• _Provided records_
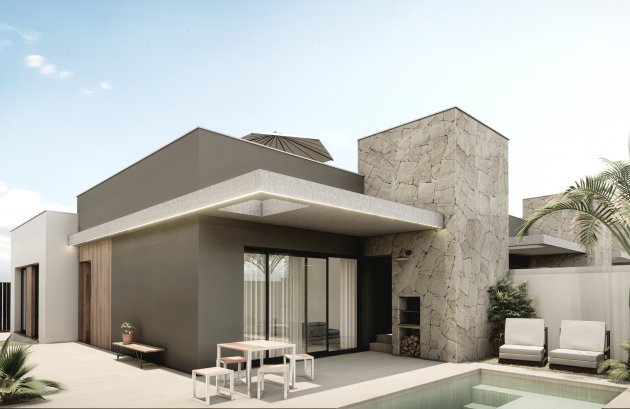 Villa - New Build - San Juan de los Terreros - San Juan de los Terreros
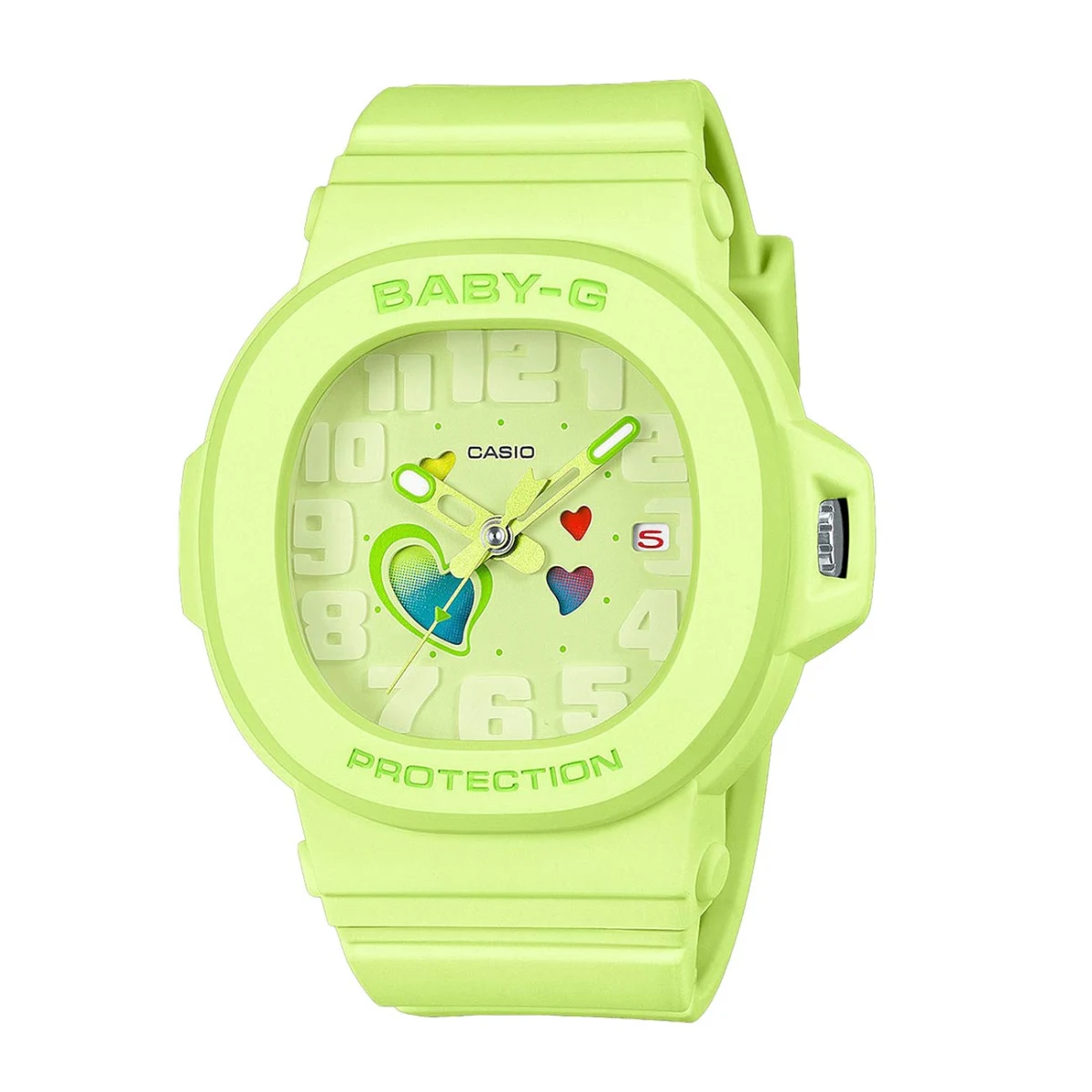 Casio Baby-G BGA-10-3AER · záber 1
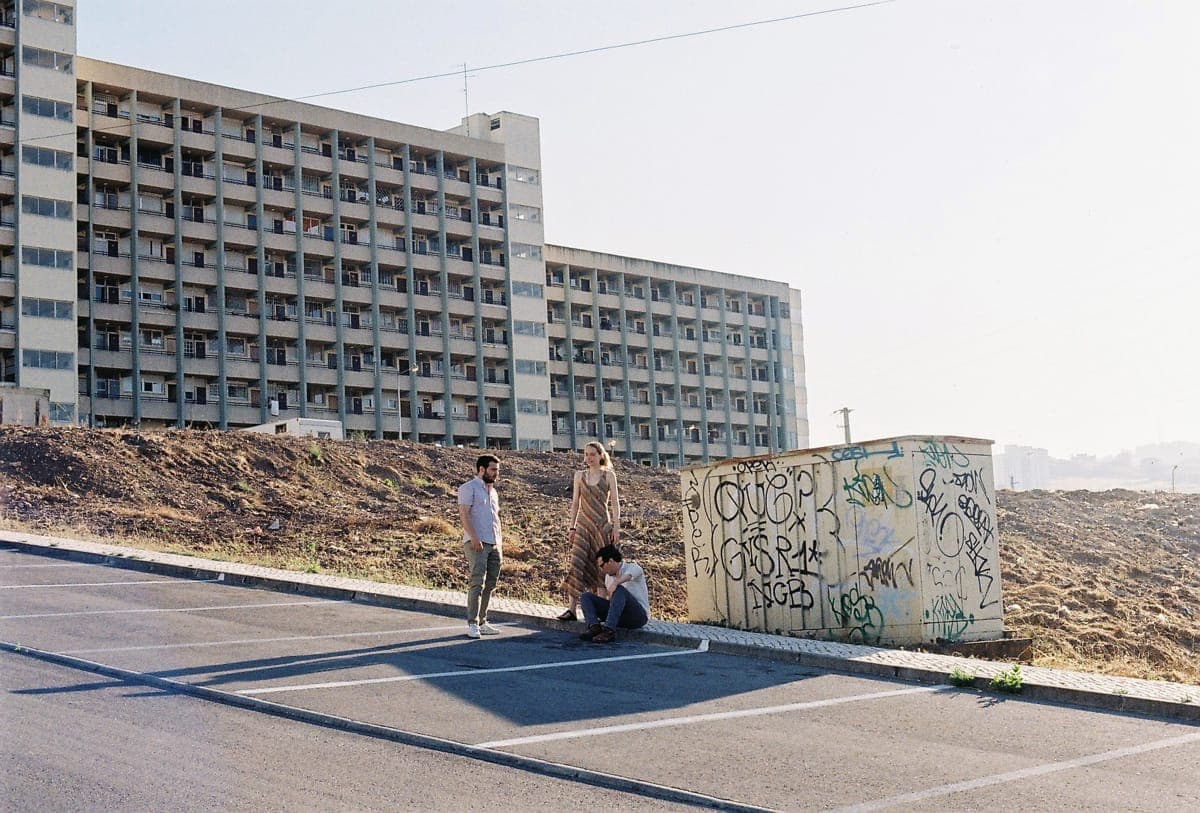Príncipe trio Niagara to release debut album, Apologia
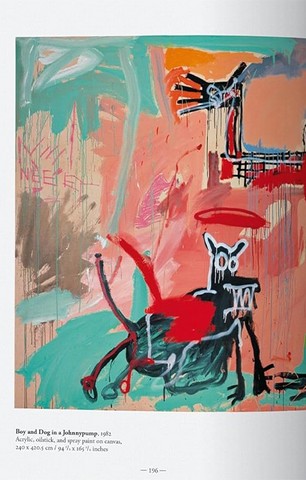 Jean-Michel Basquiat. 40th Ed. - фото 12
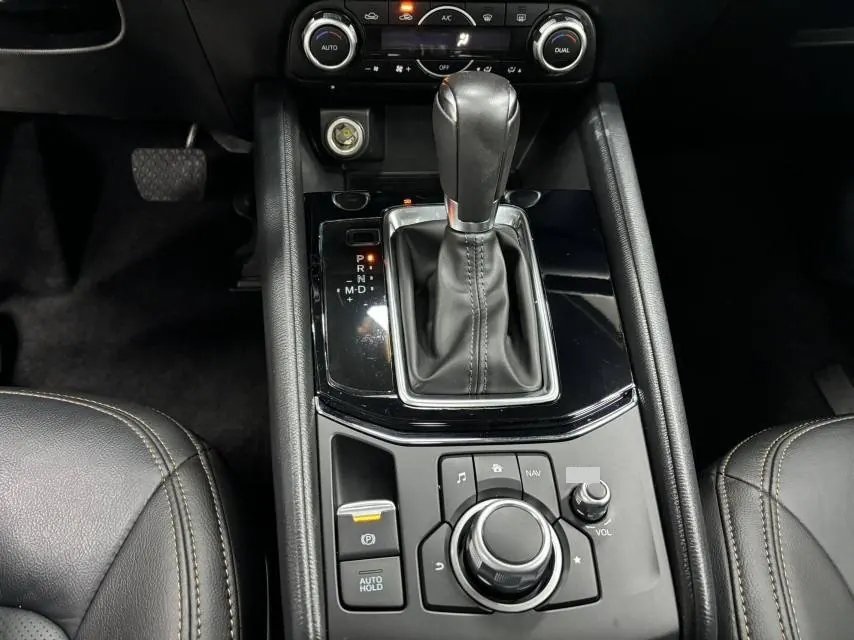 Mazda 2022 CX-5 100.00g Drive Zhiya Automatic Gear 15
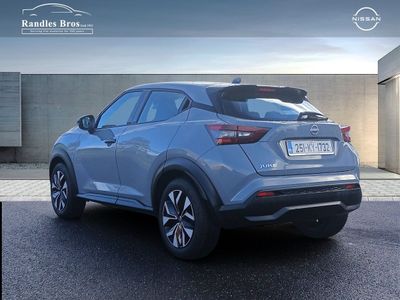 2025 Nissan Juke
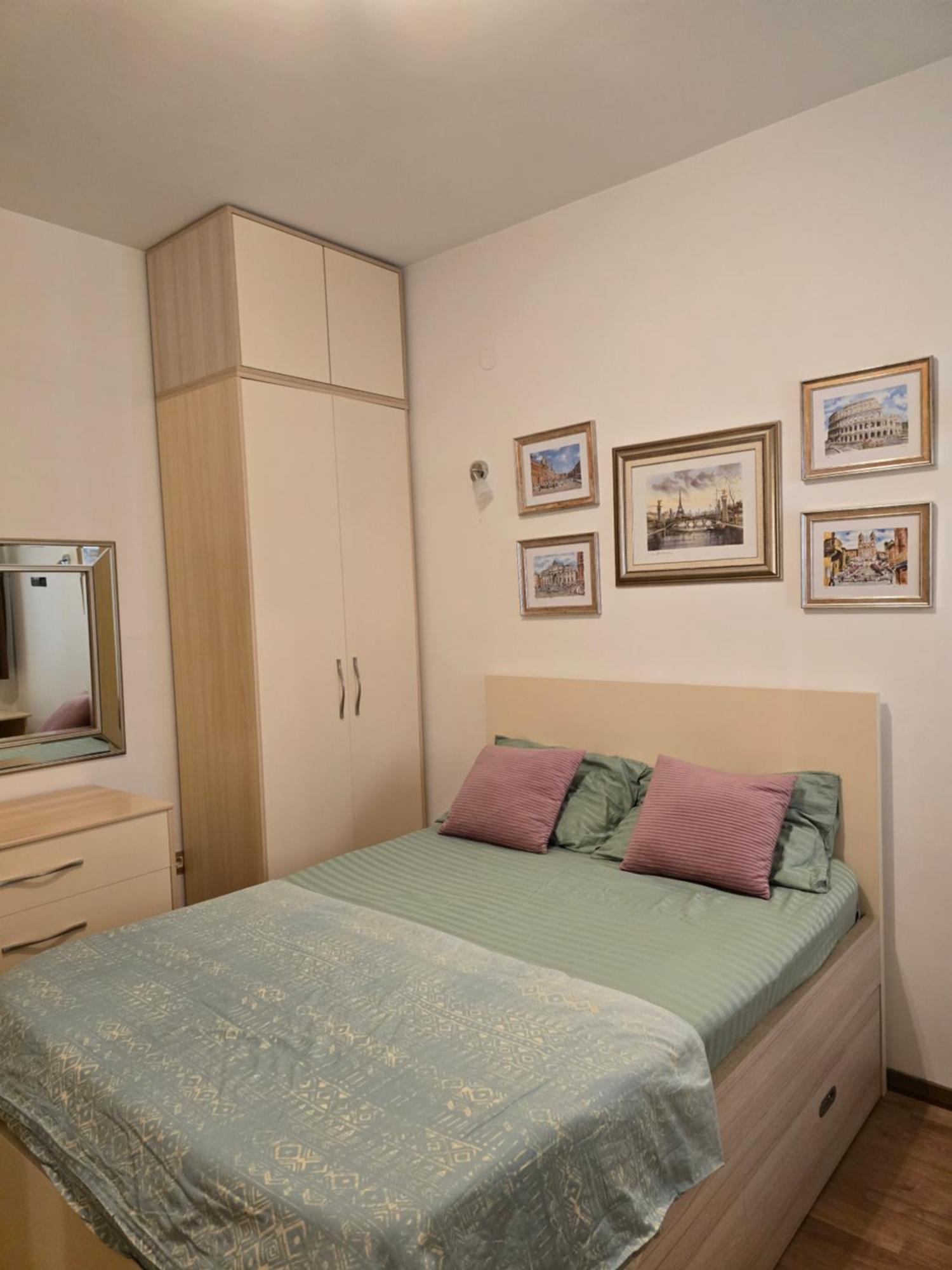 Vila Maka Budva Exterior foto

• _Work to be completed_
Omit every picture while transcribing the records above exactly.

• _Answer_
 Villa - New Build - San Juan de los Terreros - San Juan de los Terreros
 Casio Baby-G BGA-10-3AER · záber 1
Príncipe trio Niagara to release debut album, Apologia
 Jean-Michel Basquiat. 40th Ed. - фото 12
 Mazda 2022 CX-5 100.00g Drive Zhiya Automatic Gear 15
 2025 Nissan Juke
 Vila Maka Budva Exterior foto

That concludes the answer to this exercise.